## WORK ORDER
Repeat each record below exactly, omitting whatever pictures appear in it.

## DATA SUPPLIED
*** Begin section ***
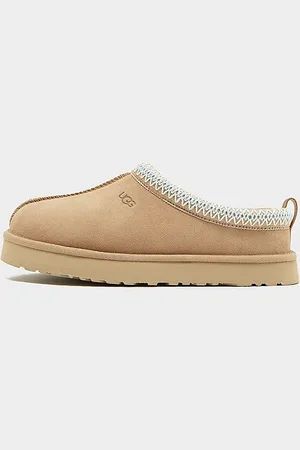 UGG Tazz Junior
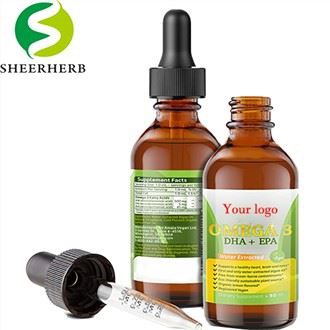 Omega{0}}tomchilar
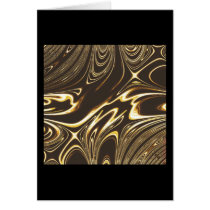 Kaleiders 1.2 (card) by abstract_3D_design Kaleiders 1.2 (card)
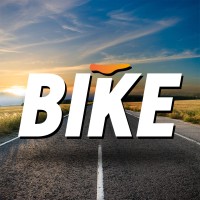 Bike Channel logo - Similar company to Bicilive.It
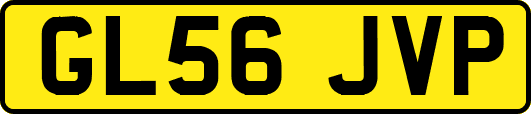 GL56JVP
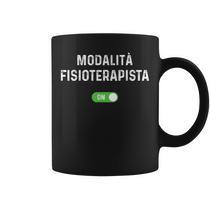 Pagma Tazza Per Fisioterapista – 330 Ml – Stampata Su Entrambi I Lati – Lavabile In Lavastoviglie – Prodotta In Germania - 6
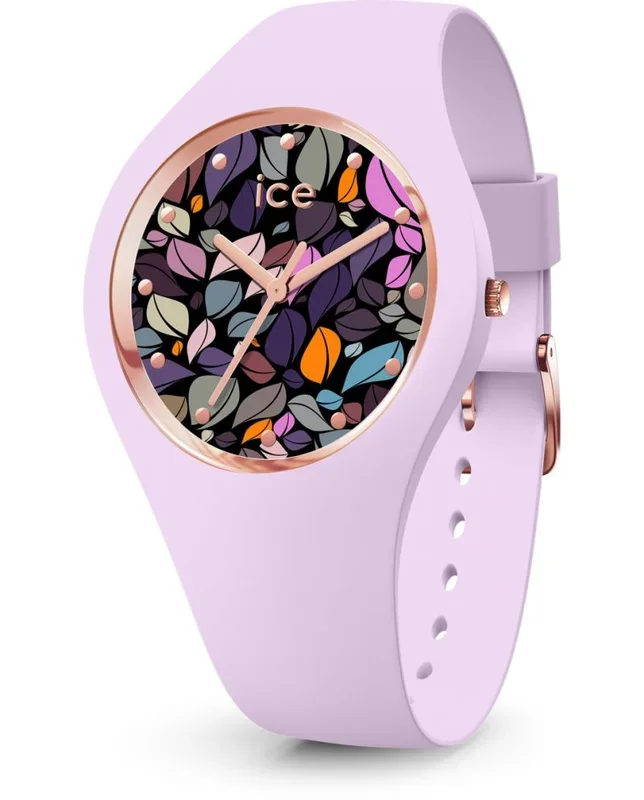 Reloj ice mujer ic017580 (40 mm)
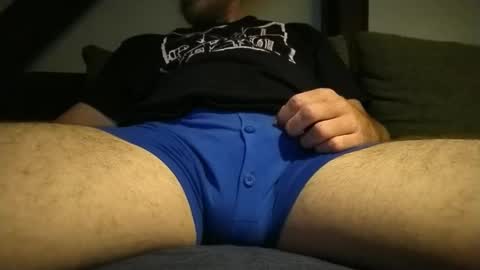 kitaii online show from 3, 11, 2025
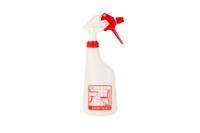Sprayflacon compleet 600ml sanitair - thumbnail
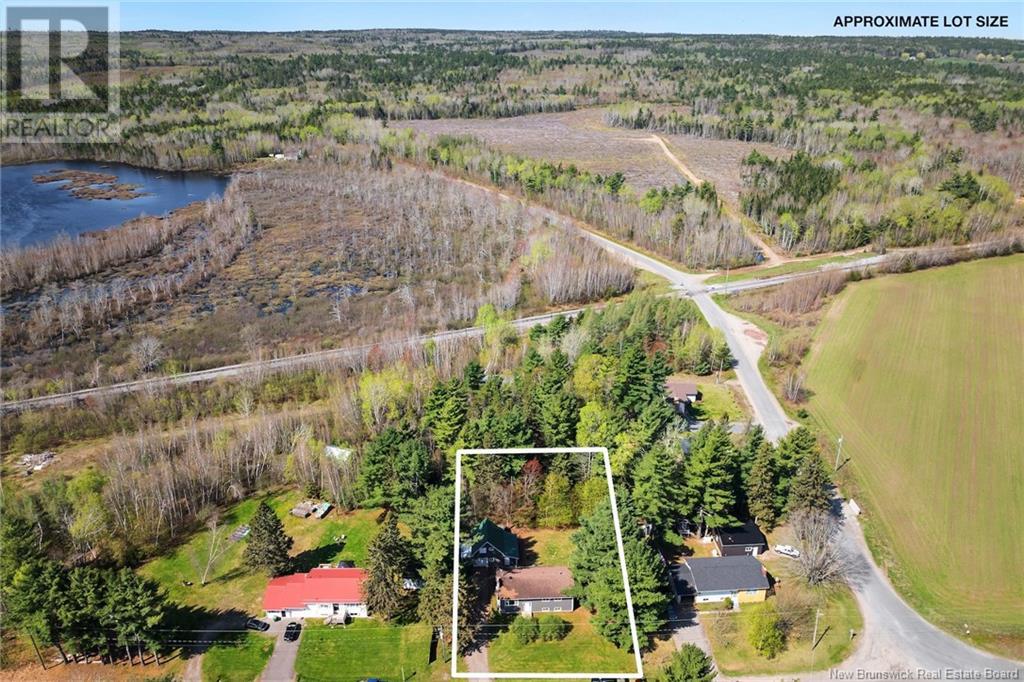 6 Duplisea Road, Central Blissville, New Brunswick  E5L 1R9 - Photo 43 - NB118859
*** End section ***
## EXPECTED ANSWER
 UGG Tazz Junior
 Omega{0}}tomchilar
 Kaleiders 1.2 (card) by abstract_3D_design Kaleiders 1.2 (card)
 Bike Channel logo - Similar company to Bicilive.It
 GL56JVP
 Pagma Tazza Per Fisioterapista – 330 Ml – Stampata Su Entrambi I Lati – Lavabile In Lavastoviglie – Prodotta In Germania - 6
 Reloj ice mujer ic017580 (40 mm)
 kitaii online show from 3, 11, 2025
Sprayflacon compleet 600ml sanitair - thumbnail
 6 Duplisea Road, Central Blissville, New Brunswick  E5L 1R9 - Photo 43 - NB118859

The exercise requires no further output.